What is needed – When you return the material, keep every line exactly as it is and omit the pictures.

* * * * *

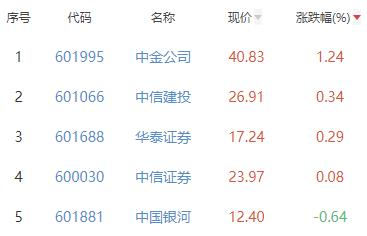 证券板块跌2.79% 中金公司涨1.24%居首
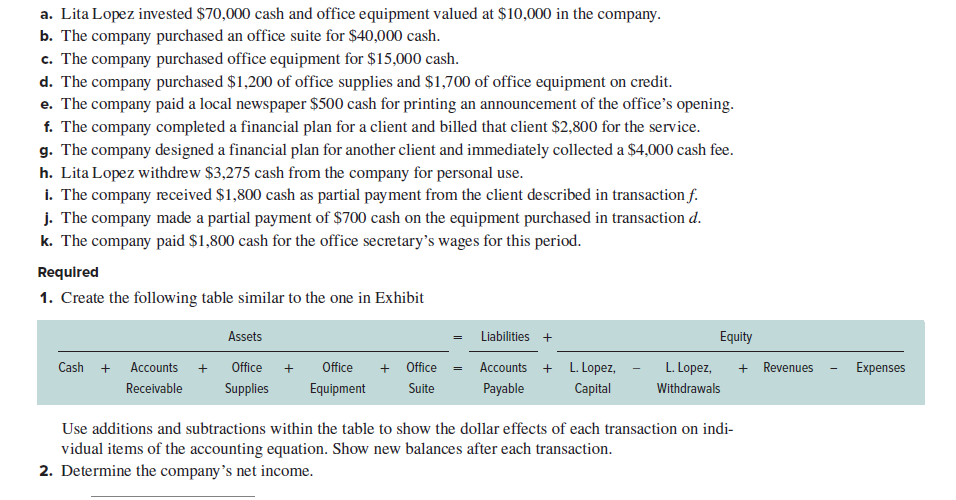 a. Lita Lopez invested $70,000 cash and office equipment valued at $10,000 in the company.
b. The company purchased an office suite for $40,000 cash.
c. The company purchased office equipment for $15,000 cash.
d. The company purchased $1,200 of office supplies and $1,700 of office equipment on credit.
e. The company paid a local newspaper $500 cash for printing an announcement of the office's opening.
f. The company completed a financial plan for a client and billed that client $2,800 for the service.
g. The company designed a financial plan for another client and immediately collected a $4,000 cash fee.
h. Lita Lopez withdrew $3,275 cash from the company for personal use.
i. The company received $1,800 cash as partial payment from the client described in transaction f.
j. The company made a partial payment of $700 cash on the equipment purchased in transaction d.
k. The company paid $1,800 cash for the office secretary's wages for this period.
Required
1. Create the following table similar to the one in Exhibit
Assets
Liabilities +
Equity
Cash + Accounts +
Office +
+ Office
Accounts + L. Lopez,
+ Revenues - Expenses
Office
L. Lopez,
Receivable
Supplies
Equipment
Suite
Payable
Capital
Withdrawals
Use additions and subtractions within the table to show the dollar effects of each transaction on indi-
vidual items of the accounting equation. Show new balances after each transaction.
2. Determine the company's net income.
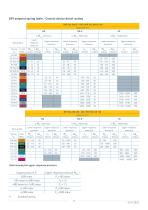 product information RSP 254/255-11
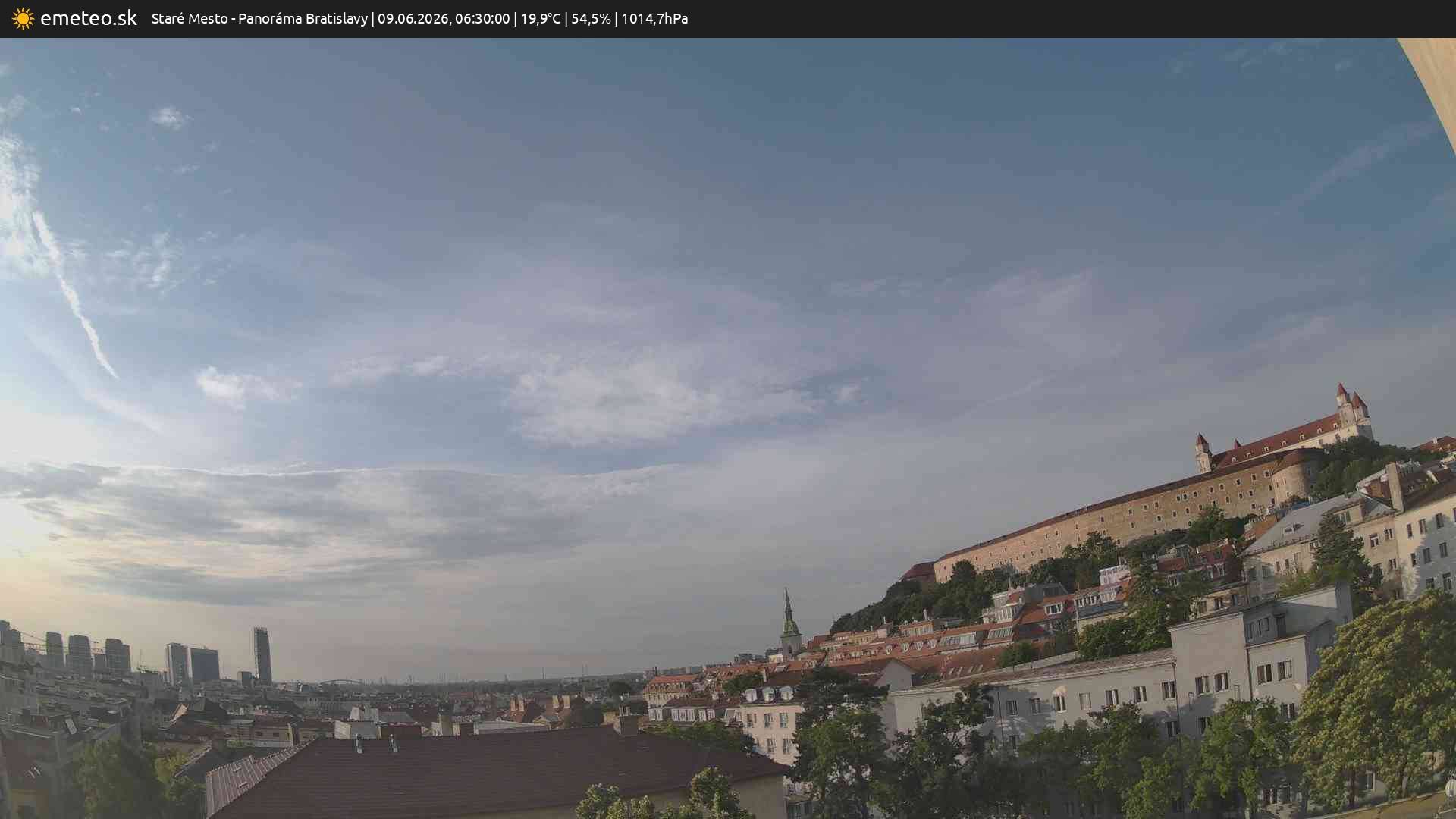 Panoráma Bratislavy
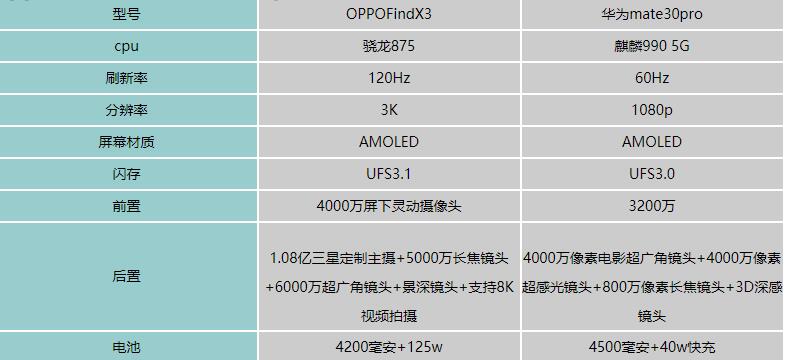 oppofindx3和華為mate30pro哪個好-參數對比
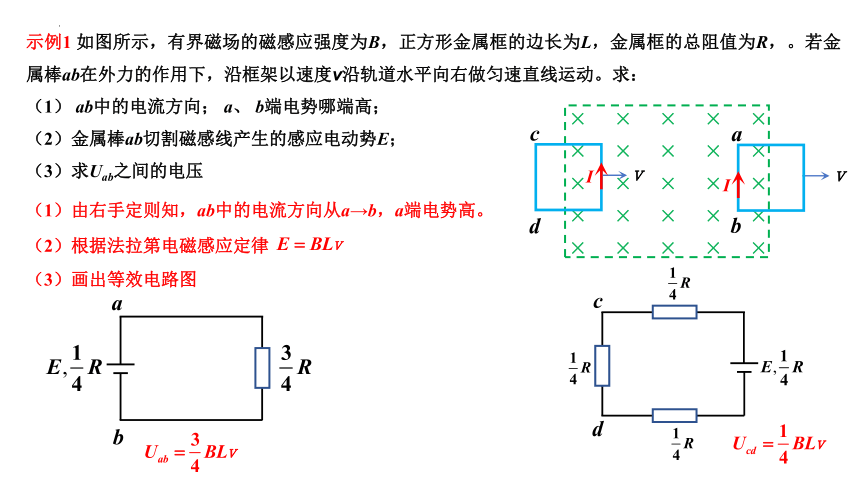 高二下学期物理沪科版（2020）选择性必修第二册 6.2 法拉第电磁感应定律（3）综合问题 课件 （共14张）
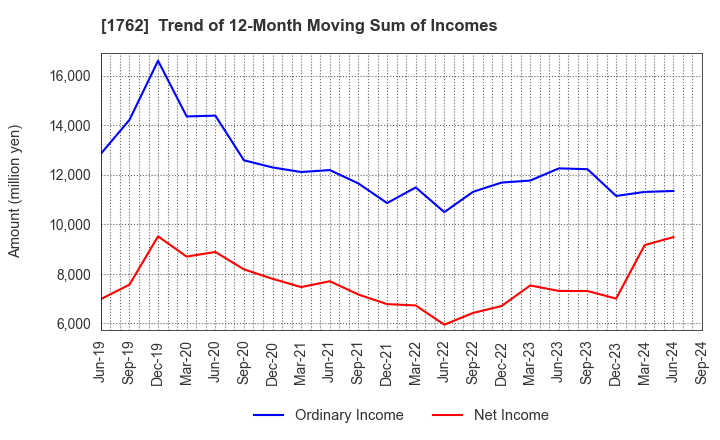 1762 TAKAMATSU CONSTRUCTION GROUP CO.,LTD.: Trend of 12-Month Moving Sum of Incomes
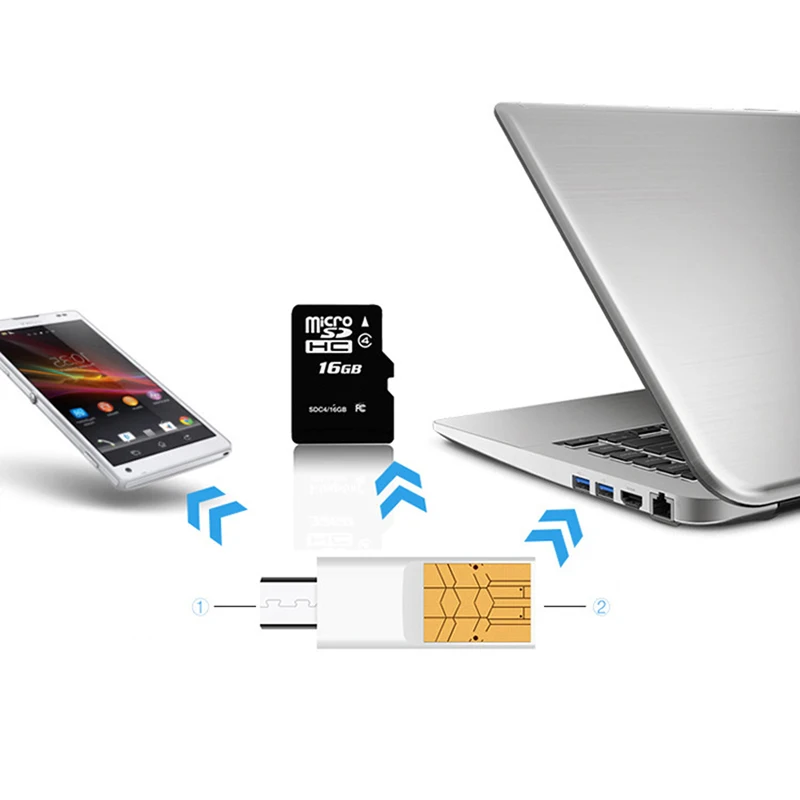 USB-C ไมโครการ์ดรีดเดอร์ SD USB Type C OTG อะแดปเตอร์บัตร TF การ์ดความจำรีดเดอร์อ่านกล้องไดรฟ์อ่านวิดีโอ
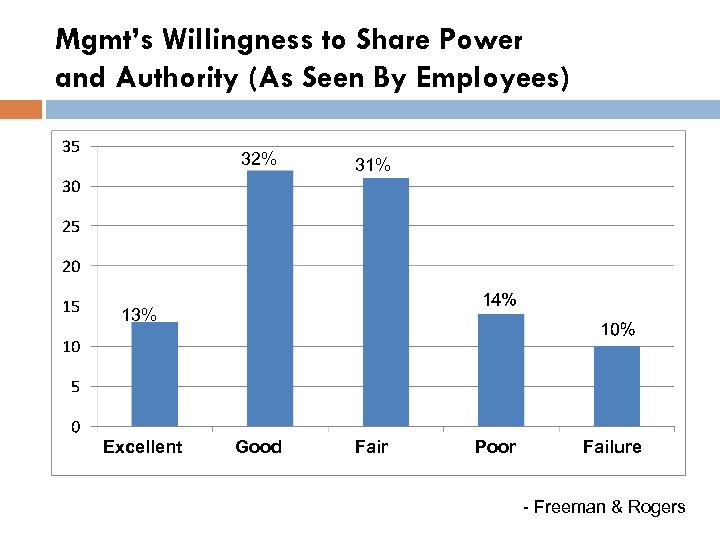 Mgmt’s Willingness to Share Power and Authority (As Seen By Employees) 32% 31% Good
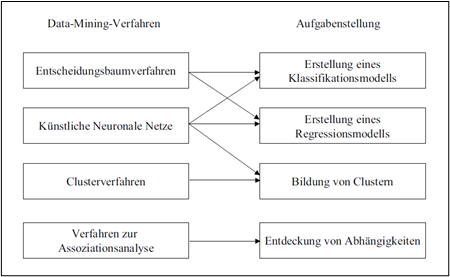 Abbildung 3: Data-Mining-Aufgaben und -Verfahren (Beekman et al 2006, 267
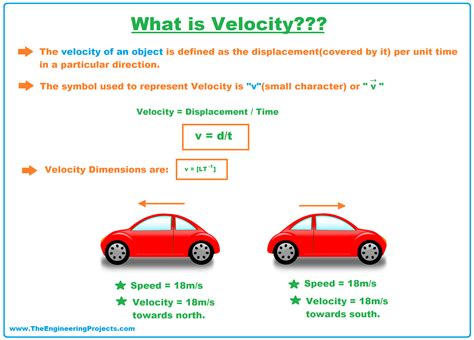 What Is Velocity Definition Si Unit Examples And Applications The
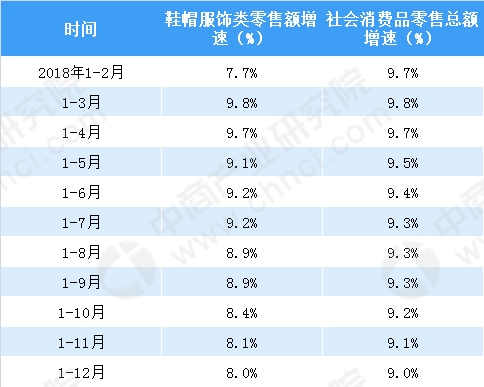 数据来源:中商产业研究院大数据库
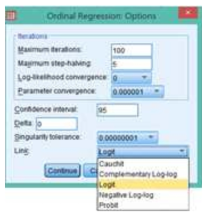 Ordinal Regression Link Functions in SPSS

* * * * *

Answer to the exercise –
 证券板块跌2.79% 中金公司涨1.24%居首
 a. Lita Lopez invested $70,000 cash and office equipment valued at $10,000 in the company.
b. The company purchased an office suite for $40,000 cash.
c. The company purchased office equipment for $15,000 cash.
d. The company purchased $1,200 of office supplies and $1,700 of office equipment on credit.
e. The company paid a local newspaper $500 cash for printing an announcement of the office's opening.
f. The company completed a financial plan for a client and billed that client $2,800 for the service.
g. The company designed a financial plan for another client and immediately collected a $4,000 cash fee.
h. Lita Lopez withdrew $3,275 cash from the company for personal use.
i. The company received $1,800 cash as partial payment from the client described in transaction f.
j. The company made a partial payment of $700 cash on the equipment purchased in transaction d.
k. The company paid $1,800 cash for the office secretary's wages for this period.
Required
1. Create the following table similar to the one in Exhibit
Assets
Liabilities +
Equity
Cash + Accounts +
Office +
+ Office
Accounts + L. Lopez,
+ Revenues - Expenses
Office
L. Lopez,
Receivable
Supplies
Equipment
Suite
Payable
Capital
Withdrawals
Use additions and subtractions within the table to show the dollar effects of each transaction on indi-
vidual items of the accounting equation. Show new balances after each transaction.
2. Determine the company's net income.
 product information RSP 254/255-11
 Panoráma Bratislavy
 oppofindx3和華為mate30pro哪個好-參數對比
 高二下学期物理沪科版（2020）选择性必修第二册 6.2 法拉第电磁感应定律（3）综合问题 课件 （共14张）
 1762 TAKAMATSU CONSTRUCTION GROUP CO.,LTD.: Trend of 12-Month Moving Sum of Incomes
 USB-C ไมโครการ์ดรีดเดอร์ SD USB Type C OTG อะแดปเตอร์บัตร TF การ์ดความจำรีดเดอร์อ่านกล้องไดรฟ์อ่านวิดีโอ
 Mgmt’s Willingness to Share Power and Authority (As Seen By Employees) 32% 31% Good
 Abbildung 3: Data-Mining-Aufgaben und -Verfahren (Beekman et al 2006, 267
 What Is Velocity Definition Si Unit Examples And Applications The
 数据来源:中商产业研究院大数据库
 Ordinal Regression Link Functions in SPSS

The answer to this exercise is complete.